Avec plus de 40 000 restaurants répartis sur l’ensemble de la planète, McDonald’s est bien plus qu’une chaîne de restauration rapide. La question de savoir combien de McDo dans le monde existent réellement cache une réalité économique et immobilière d’une ampleur rarement perçue par le grand public. Derrière les arches dorées se dissimule un empire foncier dont la valeur dépasse celle de nombreux États. Présent dans 119 pays, le géant américain emploie 1,5 million de personnes et génère des milliards de dollars chaque année, non seulement grâce à ses hamburgers, mais surtout grâce à sa stratégie immobilière. Comprendre McDonald’s, c’est avant tout comprendre comment une entreprise de restauration est devenue l’un des plus grands propriétaires fonciers privés au monde.

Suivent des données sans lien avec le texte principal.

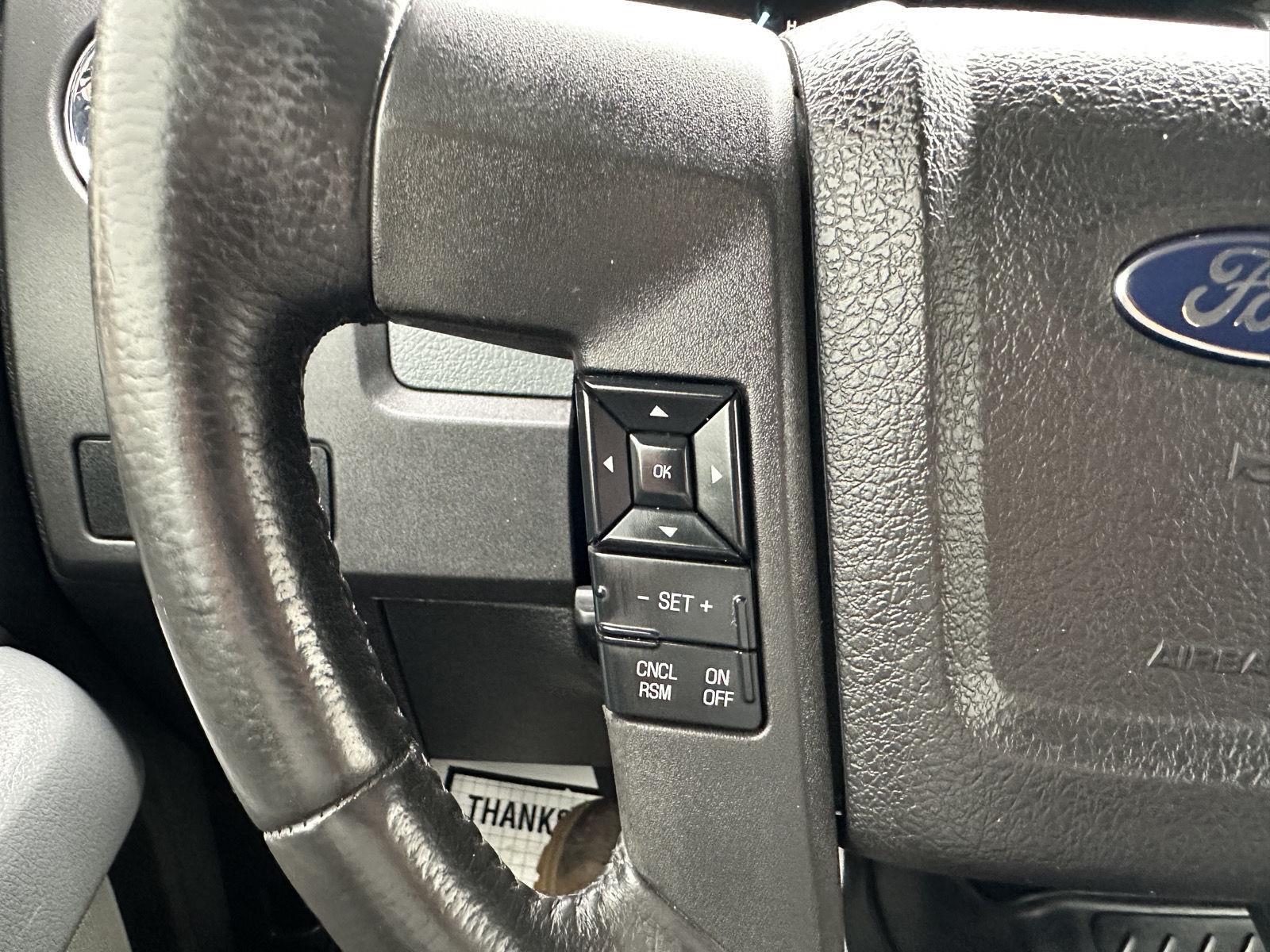 2012 Ford F-150 XLT photo 25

Combien de McDo dans le monde : répartition et chiffres réels
En 2023, McDonald’s Corporation comptait officiellement 40 275 restaurants à travers le globe, selon les données publiées dans son rapport annuel. Ce chiffre, en progression constante depuis les années 1970, illustre une expansion géographique sans équivalent dans le secteur de la restauration rapide. La chaîne ouvre en moyenne plusieurs centaines de nouveaux établissements chaque année, même si ce rythme s’est modéré depuis la pandémie de 2020.
La répartition mondiale n’est pas uniforme. Les États-Unis restent de loin le premier marché, avec environ 13 500 restaurants sur le territoire national, soit plus d’un tiers du réseau mondial. Viennent ensuite des marchés majeurs comme le Japon, la Chine, le Canada et la France, qui figure parmi les cinq premiers pays en termes de nombre d’établissements.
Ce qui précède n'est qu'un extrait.